The alternative, Angel said, is to close down the cable business, eliminating CATV service to student rooms and directing students to online options. Joe Gonzales from Student Affairs said that they wanted to create a web site to provide information on how to access popular content, including “how to” information and an emphasis on legal sources for content.  He reiterated this was the choice of 85% of students today.  For commons rooms, Joe said that IPTV solution supplementing online options with high-definition sets and 101 channels of service was being pursued. This would bring better picture quality and channels like NFL Network, he said.  John Board noted this would be a non-Duke service provider offering the IPTV option.  Joe said that they would continue to evaluate other services that might support this framework.

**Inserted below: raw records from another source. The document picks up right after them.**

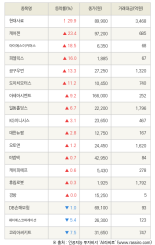 [fnRASSI]현대사료, 케어젠 등 18종목 52주 신고가 경신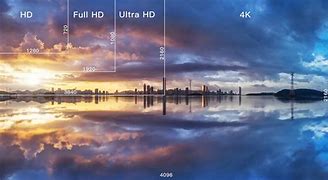Image result for What Is 4K Resolution Size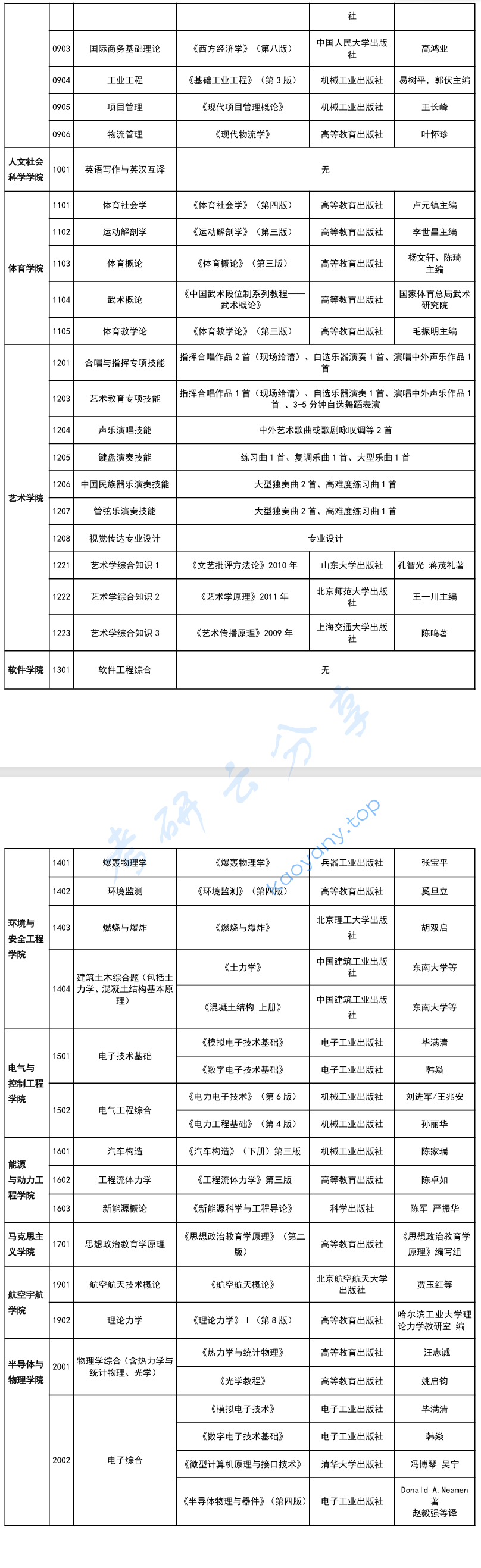 2025年中北大学参考书目,2025中北大学考研参考书目,中北大学,第4张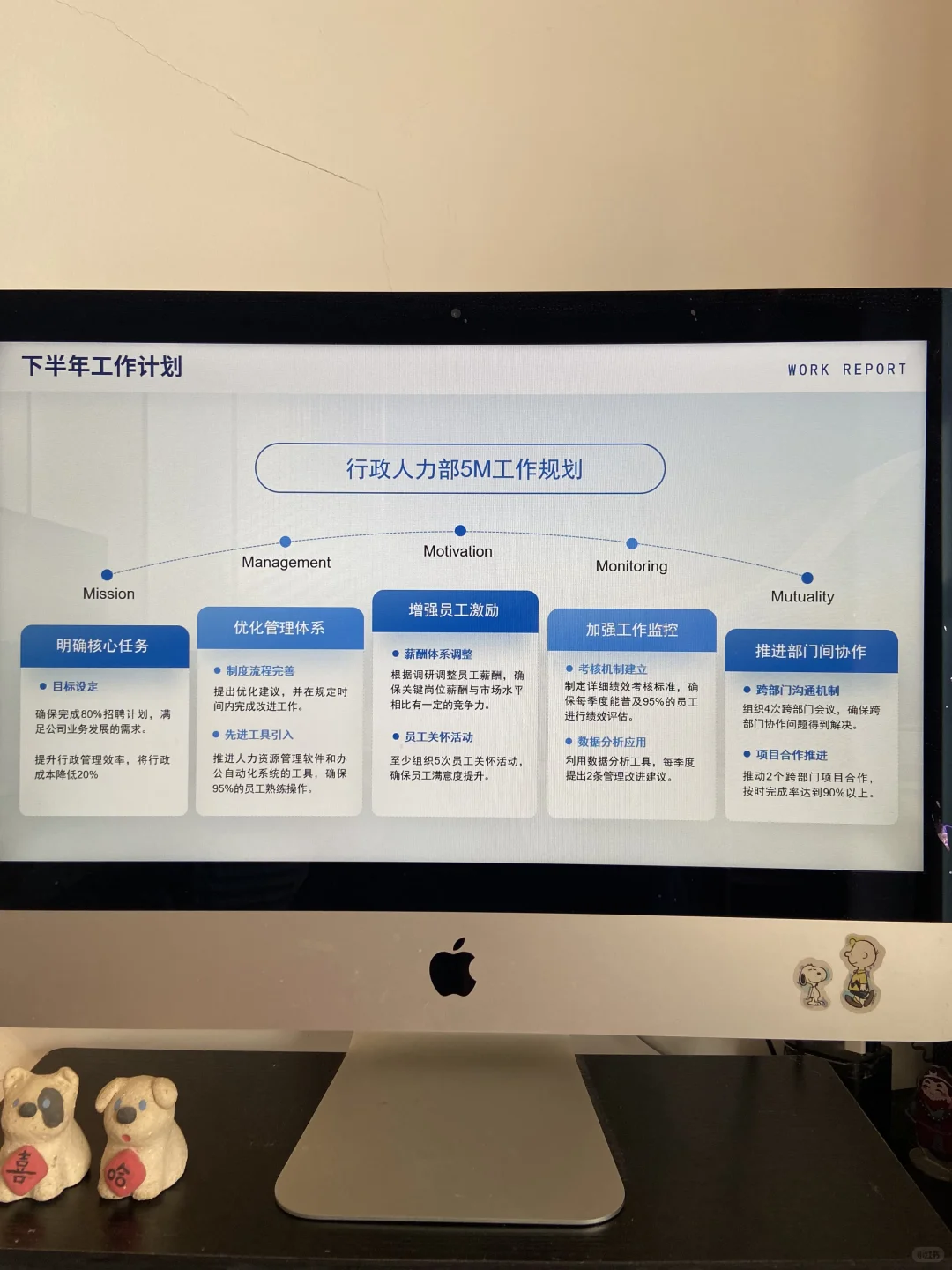 咨询PPT｜专业顾问必备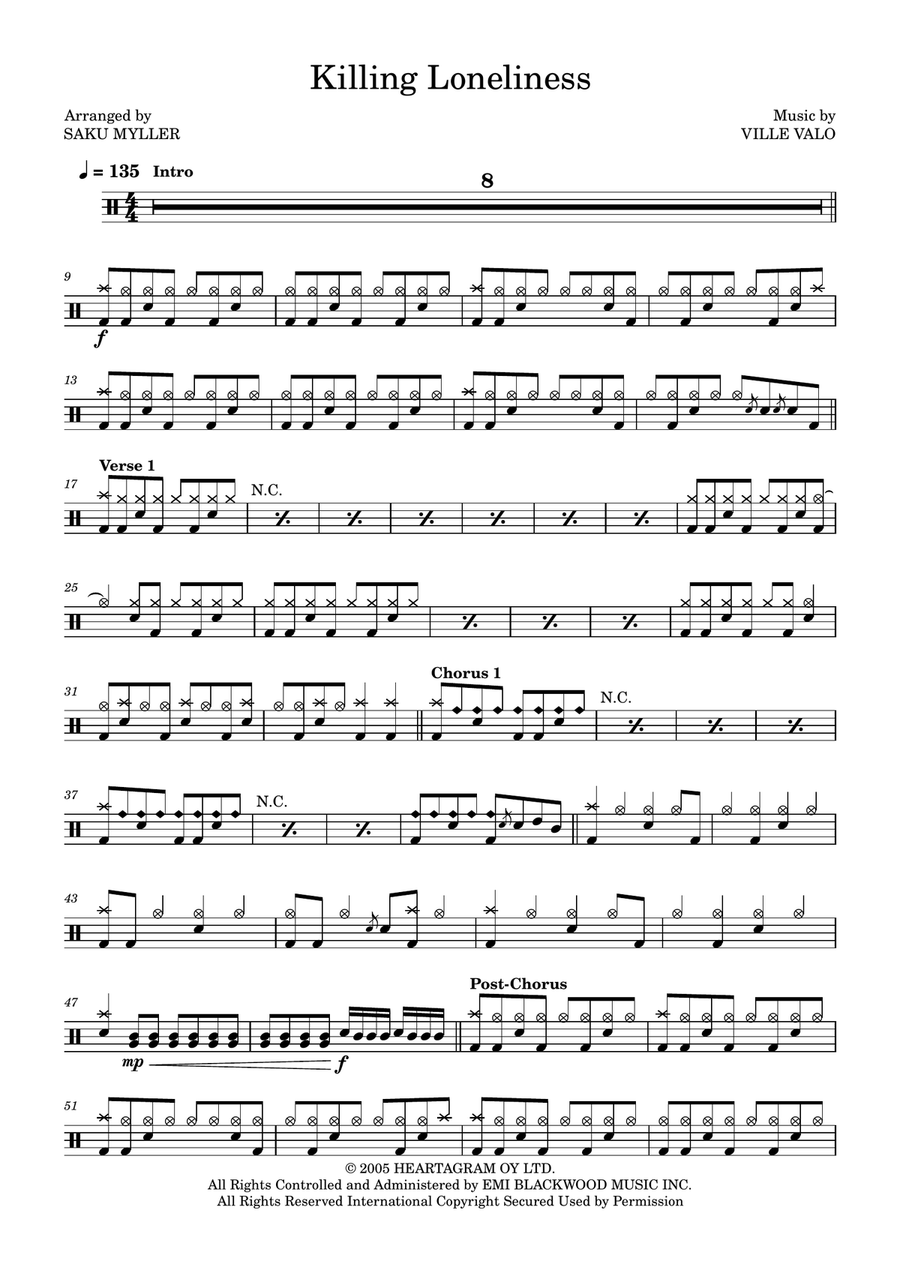 Killing Loneliness Killing Loneliness Drum Set scores gallery preview page 1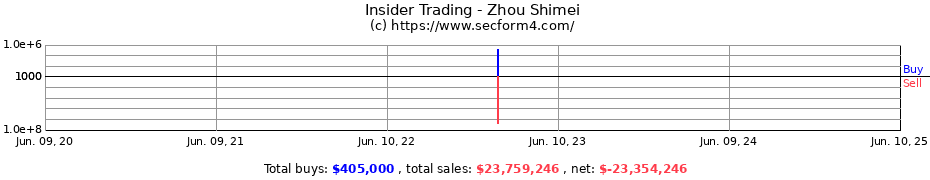 Insider Trading Transactions for Zhou Shimei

Ben Getson asked about Central Campus, where there are no common rooms. Joe said there are a couple of common rooms there now, but that more will be added under the house model beginning in 2012. Tracy asked if there would be some by fall 2011; Joe clarified that there would, and in response to Ben’s follow-up question, that these rooms would be accessible to all students, not simply those in selective living groups.  Ben asked if these would be accessible to all students; Joe said that at least one of these rooms would be located in every area of campus.

Robert said that one goal of CATV was making foreign language themes available supporting class needs, and asked whether this continued to be a need. Joanne van Tuyl noted that online options plus the language lab provided a significant number of these services instead. 

Bob Johnson said the internal IPTV system would use about 9 mbps per stream, consuming perhaps 1.6 Gbps of WAN bandwidth out of 3 Gbps total; today’s use of services like Hulu uses a tenth to a third of the bandwidth levels per stream of IPTV.  The IPTV service will be multicast, Bob said.  Robert said that today’s computers that get SD should eventually draw down HD and that student internet video use will grow.  Bob said that changes to the network, including improvements with MCNC to significantly grow our external links, should address that growth.  Tracy clarified that an IPTV solution using satellite dish down is three and a half times greater than Internet video solutions, which would make the deployment of IPTV to individual dorm rooms versus common rooms challenging.

Angel showed slides demonstrating the types of content available for students online.  Johnny Bell demonstrated how IPTV quality compared to a signal versus Duke’s on-campus analog cable system.